Del antiguo Jefe del Estado y arquitecto de la Transición, en compañía de otro puñado de personas que merecen el título oficioso de padres de la patria, puede decirse de todo y en el tono más amargo, despectivo e insultante, que tendrá premio en las televisiones donde tipos como Revilla, un cantamañanas con trienios, prosperan y se vienen a arriba.
Los mismos que se ofenden si recuerdas que Otegi fue terrorista, que ETA desapareció, pero sus sucursales reescriben la historia con tinta de sangre, que Sánchez le debe la Presidencia a un golpista con ganas de reincidir o que el Gobierno de España es un títere del nacionalpopulismo vicepresidido por una señora que pidió en su día guillotinar a un Rey; se ponen estupendos y exigentes con un Rey anciano y exiliado, sin condena alguna, que ya ha pagado con una abdicación y un destierro su falta de probidad.
La persecución a Juan Carlos I nunca ha sido inocente: se trataba de demoler la Transición y, con ella, el llamado «Régimen del 78», para abrir un nuevo periodo constituyente que Sánchez de hecho ya perpetra sin decirlo, por la puerta de atrás, desmontando la Constitución tacita a tacita para abonar el impuesto revolucionario de sus socios, dotarse a sí mismo de impunidad y poner las bases para eternizarse.

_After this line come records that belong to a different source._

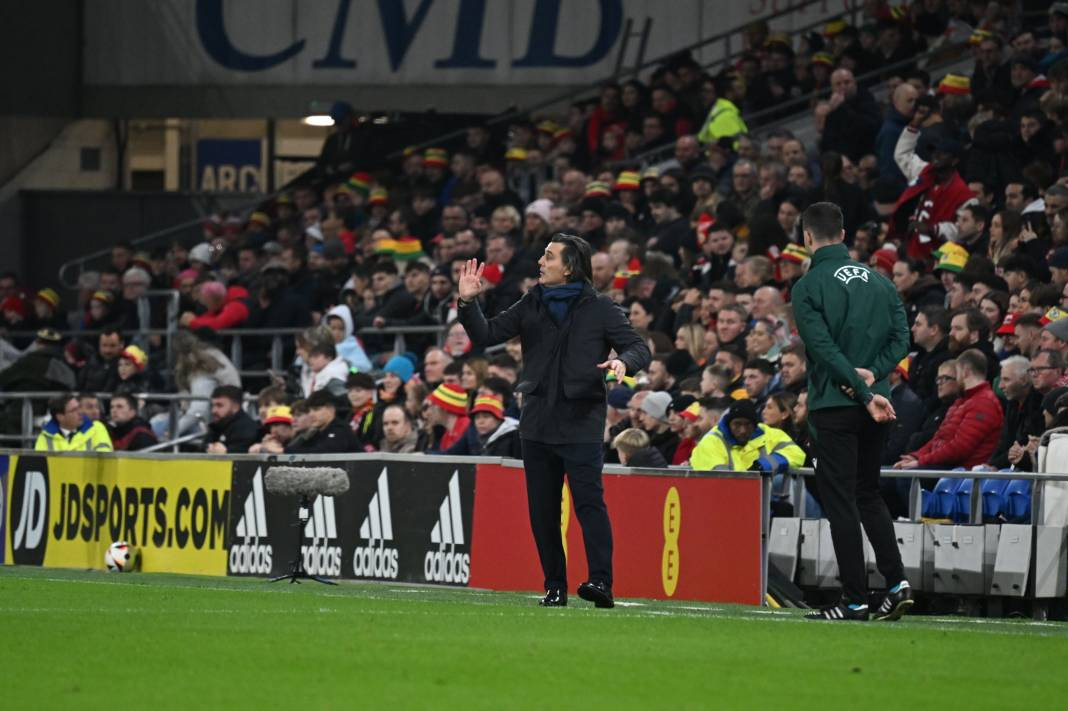 Bir avuç Türk Galler'i salladı. Milli Takımı ayağa kaldırdı 35 bin kişilik Cardiff Stadı'nı 'Türkiye Türkiye' diye inlettiler - Resim: 17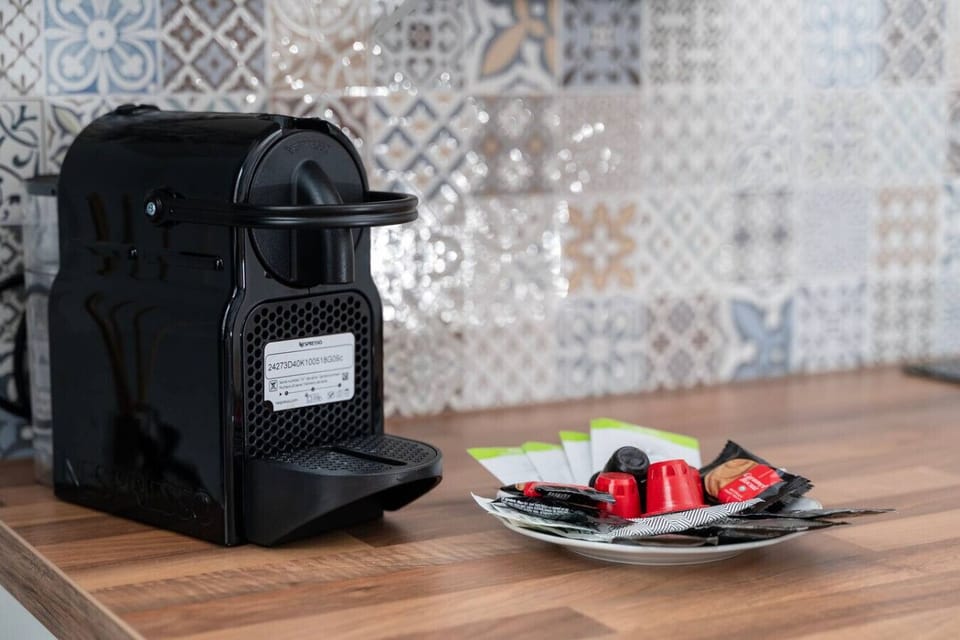 Coffee Machine | Book Now with RENTUJEMY.COM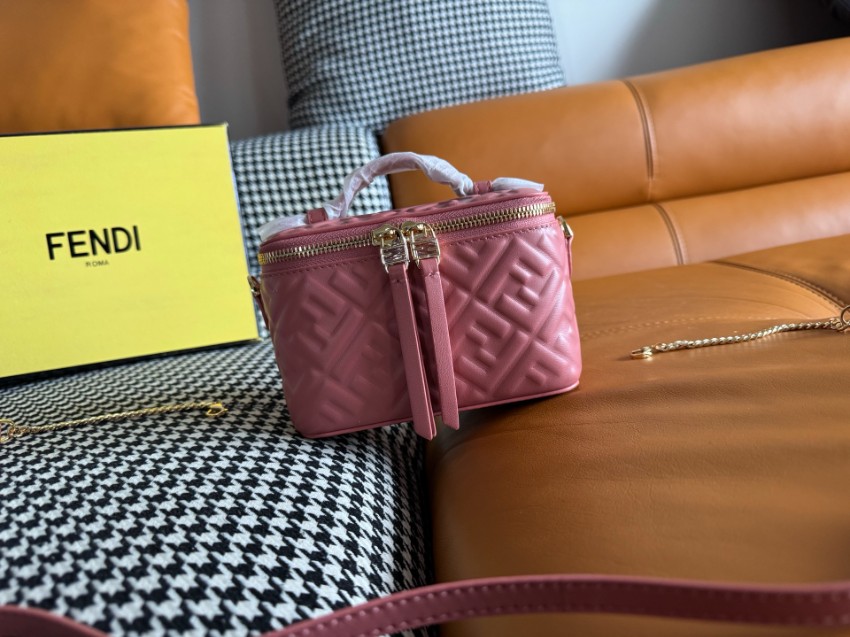 フェンディ 2026新作 ミニレザーショルダーバッグ 高級感仕上げ 安心サイト 実店舗運営 長年の実績 人気モデル_1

Ese es el paisaje donde proliferan tontos útiles como Revilla, un antiguo falangista reciclado en campechano que se hizo famoso regalando anchoas y dándole a las televisiones la mercancía que necesitaban de él para adornar sus espectáculos: siempre que era necesario, allí iba el tuercebotas lenguaraz a pedirle a un presentador que le agarrara el cubata para decir la burrada necesaria para la función.
Que don Juan Carlos le haya elegido a él para lanzar el mensaje de que hasta un Rey puede defender su honor no debe ser casual: si pones en el disparadero a un cargo público célebre, todo el mundo va a entender el recado.
Es lógico que la Casa Real se desmarque, con la velocidad acostumbrada en estos casos, para proteger lo primero que ha de proteger un Rey, que es la continuidad de la Monarquía: no puede mojarse en casi nada, sobre todo si diluvian chuzos de punta antisistema.
Pero es igual de razonable que el padre de Felipe VI diga hasta aquí hemos llegado y recuerde que ya ha pagado por sus pecados, pero no ha cobrado su recompensa por los servicios prestados, que son muchos e infinitamente superiores a sus errores. Quizá todo se resuma en una petición sutil que un país capaz de indultar y amnistiar a los peores de la clase podría asumir sin problemas: dejarle morir en casa, con los honores merecidos y la indulgencia recomendable con los símbolos de un tiempo mejor.